We finished the task at hand by ourselves and still no J...another hour or so and still no J...another hour and we were more than panic-sticken...where the hell was he? A little later he turned up, not quite understanding the dark current swirling through the condo...yes, we were relieved that he was ok but where the hell had he been? Passed out at his apartment. I have never been quite so quietly angry in a very long time, but that was nothing compared to the balancing act that M was attempting between absolute relief that J was ok and utter, paralyzing frustration and anger with J's apparent lack of judgement or concern for the greater good. Yes, we all slept poorly the night before and yes, we had all had a couple cocktails to get us through the storm, but we had no idea how much J had been drinking to help him to deal with all the many levels of crap he perceived he was facing. Funny, the friends we reach for in our darkest moments, eh?

This rolled over us and through us...and then the next obvious task was organizing dinner for the 8 remaining people in the whole condo. R and R from downstairs fired up the charcoal grill--and dinner of burgers and hot dogs and chips and such was thrown together with much nattering and fussing and awkward moments--one of the more obtuse (read fuck-head) residents was not so quietly inquiring as to the arrangement of M-me-J, when I leaned in and loudly said, "I'm the new boyfriend. Any other questions?" J resumed drinking through the evening and assured us that, given that we were all a little shaken by some of the "noises" we were already hearing, he would take the first watch of the night and then wake one of us around 3AM to take over. About an hour after the rest of us turned in, J passed out again--as L discovered when she came out to check on some new odd noises downstairs. So much for security issues.

The next day, the residents of B. House and their sundry associates (J and me) hit the street in front of the condo--slinging branches and trash up on the neutral ground to help clear the way for whatever services might need to travel our way to restore power to the neighborhood.
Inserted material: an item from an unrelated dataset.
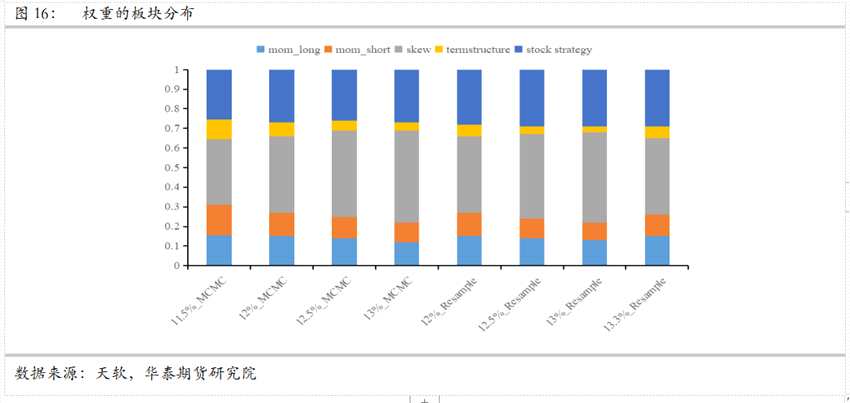 華泰期貨資產(chǎn)配置系列（二）——多種配置方案比較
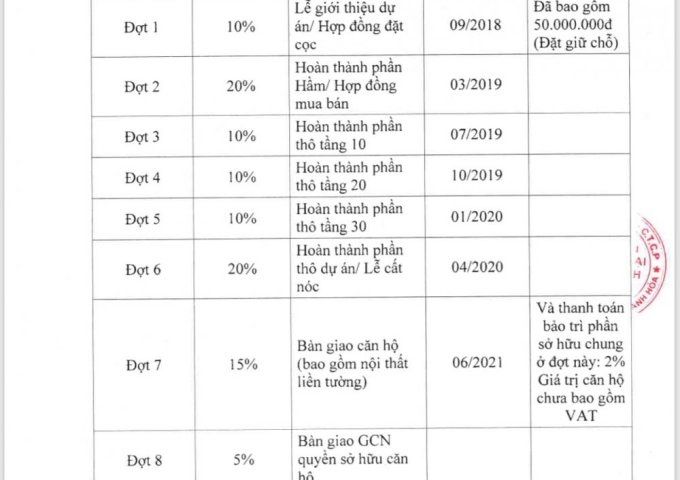 Bán căn hộ chung cư tại Dự án Quinter Residence, Nha Trang,  Khánh Hòa diện tích 4763m2  giá 20 Triệu/m²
With an odd assortment of rakes and shovels and hacksaws and M's truck, we managed to clear all of our block and then turned our attention to the catch basin for the drain nearest the front entrance. No wonder the street fills with water there when the rain comes at a its customary pace--there was so much trash and debris in their, stewing in the late summer swill that comes of stormy runoff.

It was during this part of the day that I spotted a police car slowly working its way down our end of Bourbon Street. My initial reaction turned out to be right, tho' no one including M believed me at first. "Guys, the cops are looking for gas tanks they can siphon out of." I had been paying special attention (read: anal) to the mayor's announcements about the citywide state of emergency and martial law--enforcement officials can commandeer a building, vehicle or its contents as they deem necessary. After a moment of doubt on everyone else's parts, we approached the cops and they admitted that they absolutely were working the neighborhood, seeking the older cars and vans and trucks that would be easiest to get into and liberate gas from. M had to talk them out of taking his, saying truthfully that if necessary, it would be our only way out of town. (On reflection, we never saw those two officers again and we have come to believe that they may have been looking for enough fuel to get themselves out of town and therefore become deserters. Mere speculation, but if that is what came to pass, may the Lord and their fellow officers have mercy on them.)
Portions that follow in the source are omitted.